◆ INSTRUCTIONS TO FOLLOW: For every line in the material, set down an identical one.

◆ MATERIAL PROVIDED:
####

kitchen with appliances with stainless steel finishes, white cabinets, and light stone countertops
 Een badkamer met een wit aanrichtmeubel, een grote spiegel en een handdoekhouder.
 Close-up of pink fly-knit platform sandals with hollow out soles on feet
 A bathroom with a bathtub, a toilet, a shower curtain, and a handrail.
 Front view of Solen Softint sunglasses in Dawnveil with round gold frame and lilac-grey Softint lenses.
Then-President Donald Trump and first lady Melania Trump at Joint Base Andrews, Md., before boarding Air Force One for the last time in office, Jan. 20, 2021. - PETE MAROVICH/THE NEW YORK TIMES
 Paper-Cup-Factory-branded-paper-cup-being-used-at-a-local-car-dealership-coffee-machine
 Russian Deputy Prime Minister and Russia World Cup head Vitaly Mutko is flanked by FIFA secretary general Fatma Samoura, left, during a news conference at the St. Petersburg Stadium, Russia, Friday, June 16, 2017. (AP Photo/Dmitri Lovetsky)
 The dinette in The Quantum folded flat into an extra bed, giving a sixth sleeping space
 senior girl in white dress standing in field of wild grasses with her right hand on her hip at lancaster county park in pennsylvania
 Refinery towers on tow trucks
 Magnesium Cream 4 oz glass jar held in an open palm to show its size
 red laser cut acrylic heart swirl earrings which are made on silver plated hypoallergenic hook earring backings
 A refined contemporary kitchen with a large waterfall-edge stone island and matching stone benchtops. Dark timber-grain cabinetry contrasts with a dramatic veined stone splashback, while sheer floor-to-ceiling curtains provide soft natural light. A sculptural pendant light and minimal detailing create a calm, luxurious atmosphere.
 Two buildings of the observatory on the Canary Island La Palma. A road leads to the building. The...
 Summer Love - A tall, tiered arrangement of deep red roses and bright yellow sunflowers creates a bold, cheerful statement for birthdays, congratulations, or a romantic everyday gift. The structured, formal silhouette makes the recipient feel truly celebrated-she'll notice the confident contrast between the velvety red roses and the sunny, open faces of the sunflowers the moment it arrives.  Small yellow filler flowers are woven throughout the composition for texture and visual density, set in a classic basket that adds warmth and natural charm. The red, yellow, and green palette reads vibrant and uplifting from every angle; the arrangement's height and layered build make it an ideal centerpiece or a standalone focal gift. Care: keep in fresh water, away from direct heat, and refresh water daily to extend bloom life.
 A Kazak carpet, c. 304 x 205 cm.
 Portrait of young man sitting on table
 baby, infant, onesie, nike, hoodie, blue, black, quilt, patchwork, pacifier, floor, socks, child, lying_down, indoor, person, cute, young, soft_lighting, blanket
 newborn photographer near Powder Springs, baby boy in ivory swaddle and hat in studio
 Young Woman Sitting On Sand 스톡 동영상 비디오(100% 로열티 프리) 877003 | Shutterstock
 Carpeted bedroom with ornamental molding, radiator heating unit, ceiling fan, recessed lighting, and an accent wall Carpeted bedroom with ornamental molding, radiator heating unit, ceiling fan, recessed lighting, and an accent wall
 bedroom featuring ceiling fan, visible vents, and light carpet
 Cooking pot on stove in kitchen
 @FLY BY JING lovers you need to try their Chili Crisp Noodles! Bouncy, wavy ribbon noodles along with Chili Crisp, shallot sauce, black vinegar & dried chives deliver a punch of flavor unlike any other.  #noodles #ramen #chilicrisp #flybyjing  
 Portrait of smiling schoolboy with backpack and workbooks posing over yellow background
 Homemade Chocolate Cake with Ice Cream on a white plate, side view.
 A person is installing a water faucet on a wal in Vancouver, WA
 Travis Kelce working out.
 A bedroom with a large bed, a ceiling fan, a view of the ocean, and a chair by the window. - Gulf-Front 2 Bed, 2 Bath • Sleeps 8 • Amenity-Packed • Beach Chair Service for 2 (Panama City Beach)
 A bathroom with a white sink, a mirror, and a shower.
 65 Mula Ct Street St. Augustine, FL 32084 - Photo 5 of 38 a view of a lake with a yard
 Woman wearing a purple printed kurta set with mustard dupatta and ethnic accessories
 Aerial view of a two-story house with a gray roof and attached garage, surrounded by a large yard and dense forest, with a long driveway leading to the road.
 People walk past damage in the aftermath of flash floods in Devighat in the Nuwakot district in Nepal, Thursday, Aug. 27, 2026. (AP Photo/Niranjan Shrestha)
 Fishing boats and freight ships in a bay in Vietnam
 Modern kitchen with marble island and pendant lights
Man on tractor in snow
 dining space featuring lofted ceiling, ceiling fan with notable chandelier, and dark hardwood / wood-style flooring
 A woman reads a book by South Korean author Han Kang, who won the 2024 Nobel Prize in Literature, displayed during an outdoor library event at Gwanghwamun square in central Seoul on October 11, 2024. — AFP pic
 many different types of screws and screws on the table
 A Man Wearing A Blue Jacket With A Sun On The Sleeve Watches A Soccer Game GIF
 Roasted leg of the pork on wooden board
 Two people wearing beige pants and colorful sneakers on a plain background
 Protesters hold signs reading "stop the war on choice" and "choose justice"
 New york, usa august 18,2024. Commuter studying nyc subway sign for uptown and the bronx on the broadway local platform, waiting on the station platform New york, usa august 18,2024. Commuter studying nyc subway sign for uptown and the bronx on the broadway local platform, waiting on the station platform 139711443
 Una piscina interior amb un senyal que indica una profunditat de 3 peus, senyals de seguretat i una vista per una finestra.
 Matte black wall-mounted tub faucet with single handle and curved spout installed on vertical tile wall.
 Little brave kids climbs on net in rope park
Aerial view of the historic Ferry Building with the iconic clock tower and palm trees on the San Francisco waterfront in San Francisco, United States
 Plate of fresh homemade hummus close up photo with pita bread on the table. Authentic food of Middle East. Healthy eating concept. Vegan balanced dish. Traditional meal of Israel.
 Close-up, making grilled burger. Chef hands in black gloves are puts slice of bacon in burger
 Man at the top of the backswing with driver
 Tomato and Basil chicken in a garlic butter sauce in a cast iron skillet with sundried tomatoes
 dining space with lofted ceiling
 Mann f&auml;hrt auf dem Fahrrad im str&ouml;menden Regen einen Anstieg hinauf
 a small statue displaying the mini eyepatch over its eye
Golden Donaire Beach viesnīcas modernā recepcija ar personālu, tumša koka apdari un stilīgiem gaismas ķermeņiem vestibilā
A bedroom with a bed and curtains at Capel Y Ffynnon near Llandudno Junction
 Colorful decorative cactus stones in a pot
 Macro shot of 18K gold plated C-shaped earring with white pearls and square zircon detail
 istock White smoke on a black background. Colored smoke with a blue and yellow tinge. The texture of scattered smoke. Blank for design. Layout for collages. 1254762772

####

◆ PROBLEM SOLUTION:
kitchen with appliances with stainless steel finishes, white cabinets, and light stone countertops
 Een badkamer met een wit aanrichtmeubel, een grote spiegel en een handdoekhouder.
 Close-up of pink fly-knit platform sandals with hollow out soles on feet
 A bathroom with a bathtub, a toilet, a shower curtain, and a handrail.
 Front view of Solen Softint sunglasses in Dawnveil with round gold frame and lilac-grey Softint lenses.
Then-President Donald Trump and first lady Melania Trump at Joint Base Andrews, Md., before boarding Air Force One for the last time in office, Jan. 20, 2021. - PETE MAROVICH/THE NEW YORK TIMES
 Paper-Cup-Factory-branded-paper-cup-being-used-at-a-local-car-dealership-coffee-machine
 Russian Deputy Prime Minister and Russia World Cup head Vitaly Mutko is flanked by FIFA secretary general Fatma Samoura, left, during a news conference at the St. Petersburg Stadium, Russia, Friday, June 16, 2017. (AP Photo/Dmitri Lovetsky)
 The dinette in The Quantum folded flat into an extra bed, giving a sixth sleeping space
 senior girl in white dress standing in field of wild grasses with her right hand on her hip at lancaster county park in pennsylvania
 Refinery towers on tow trucks
 Magnesium Cream 4 oz glass jar held in an open palm to show its size
 red laser cut acrylic heart swirl earrings which are made on silver plated hypoallergenic hook earring backings
 A refined contemporary kitchen with a large waterfall-edge stone island and matching stone benchtops. Dark timber-grain cabinetry contrasts with a dramatic veined stone splashback, while sheer floor-to-ceiling curtains provide soft natural light. A sculptural pendant light and minimal detailing create a calm, luxurious atmosphere.
 Two buildings of the observatory on the Canary Island La Palma. A road leads to the building. The...
 Summer Love - A tall, tiered arrangement of deep red roses and bright yellow sunflowers creates a bold, cheerful statement for birthdays, congratulations, or a romantic everyday gift. The structured, formal silhouette makes the recipient feel truly celebrated-she'll notice the confident contrast between the velvety red roses and the sunny, open faces of the sunflowers the moment it arrives.  Small yellow filler flowers are woven throughout the composition for texture and visual density, set in a classic basket that adds warmth and natural charm. The red, yellow, and green palette reads vibrant and uplifting from every angle; the arrangement's height and layered build make it an ideal centerpiece or a standalone focal gift. Care: keep in fresh water, away from direct heat, and refresh water daily to extend bloom life.
 A Kazak carpet, c. 304 x 205 cm.
 Portrait of young man sitting on table
 baby, infant, onesie, nike, hoodie, blue, black, quilt, patchwork, pacifier, floor, socks, child, lying_down, indoor, person, cute, young, soft_lighting, blanket
 newborn photographer near Powder Springs, baby boy in ivory swaddle and hat in studio
 Young Woman Sitting On Sand 스톡 동영상 비디오(100% 로열티 프리) 877003 | Shutterstock
 Carpeted bedroom with ornamental molding, radiator heating unit, ceiling fan, recessed lighting, and an accent wall Carpeted bedroom with ornamental molding, radiator heating unit, ceiling fan, recessed lighting, and an accent wall
 bedroom featuring ceiling fan, visible vents, and light carpet
 Cooking pot on stove in kitchen
 @FLY BY JING lovers you need to try their Chili Crisp Noodles! Bouncy, wavy ribbon noodles along with Chili Crisp, shallot sauce, black vinegar & dried chives deliver a punch of flavor unlike any other.  #noodles #ramen #chilicrisp #flybyjing  
 Portrait of smiling schoolboy with backpack and workbooks posing over yellow background
 Homemade Chocolate Cake with Ice Cream on a white plate, side view.
 A person is installing a water faucet on a wal in Vancouver, WA
 Travis Kelce working out.
 A bedroom with a large bed, a ceiling fan, a view of the ocean, and a chair by the window. - Gulf-Front 2 Bed, 2 Bath • Sleeps 8 • Amenity-Packed • Beach Chair Service for 2 (Panama City Beach)
 A bathroom with a white sink, a mirror, and a shower.
 65 Mula Ct Street St. Augustine, FL 32084 - Photo 5 of 38 a view of a lake with a yard
 Woman wearing a purple printed kurta set with mustard dupatta and ethnic accessories
 Aerial view of a two-story house with a gray roof and attached garage, surrounded by a large yard and dense forest, with a long driveway leading to the road.
 People walk past damage in the aftermath of flash floods in Devighat in the Nuwakot district in Nepal, Thursday, Aug. 27, 2026. (AP Photo/Niranjan Shrestha)
 Fishing boats and freight ships in a bay in Vietnam
 Modern kitchen with marble island and pendant lights
Man on tractor in snow
 dining space featuring lofted ceiling, ceiling fan with notable chandelier, and dark hardwood / wood-style flooring
 A woman reads a book by South Korean author Han Kang, who won the 2024 Nobel Prize in Literature, displayed during an outdoor library event at Gwanghwamun square in central Seoul on October 11, 2024. — AFP pic
 many different types of screws and screws on the table
 A Man Wearing A Blue Jacket With A Sun On The Sleeve Watches A Soccer Game GIF
 Roasted leg of the pork on wooden board
 Two people wearing beige pants and colorful sneakers on a plain background
 Protesters hold signs reading "stop the war on choice" and "choose justice"
 New york, usa august 18,2024. Commuter studying nyc subway sign for uptown and the bronx on the broadway local platform, waiting on the station platform New york, usa august 18,2024. Commuter studying nyc subway sign for uptown and the bronx on the broadway local platform, waiting on the station platform 139711443
 Una piscina interior amb un senyal que indica una profunditat de 3 peus, senyals de seguretat i una vista per una finestra.
 Matte black wall-mounted tub faucet with single handle and curved spout installed on vertical tile wall.
 Little brave kids climbs on net in rope park
Aerial view of the historic Ferry Building with the iconic clock tower and palm trees on the San Francisco waterfront in San Francisco, United States
 Plate of fresh homemade hummus close up photo with pita bread on the table. Authentic food of Middle East. Healthy eating concept. Vegan balanced dish. Traditional meal of Israel.
 Close-up, making grilled burger. Chef hands in black gloves are puts slice of bacon in burger
 Man at the top of the backswing with driver
 Tomato and Basil chicken in a garlic butter sauce in a cast iron skillet with sundried tomatoes
 dining space with lofted ceiling
 Mann f&auml;hrt auf dem Fahrrad im str&ouml;menden Regen einen Anstieg hinauf
 a small statue displaying the mini eyepatch over its eye
Golden Donaire Beach viesnīcas modernā recepcija ar personālu, tumša koka apdari un stilīgiem gaismas ķermeņiem vestibilā
A bedroom with a bed and curtains at Capel Y Ffynnon near Llandudno Junction
 Colorful decorative cactus stones in a pot
 Macro shot of 18K gold plated C-shaped earring with white pearls and square zircon detail
 istock White smoke on a black background. Colored smoke with a blue and yellow tinge. The texture of scattered smoke. Blank for design. Layout for collages. 1254762772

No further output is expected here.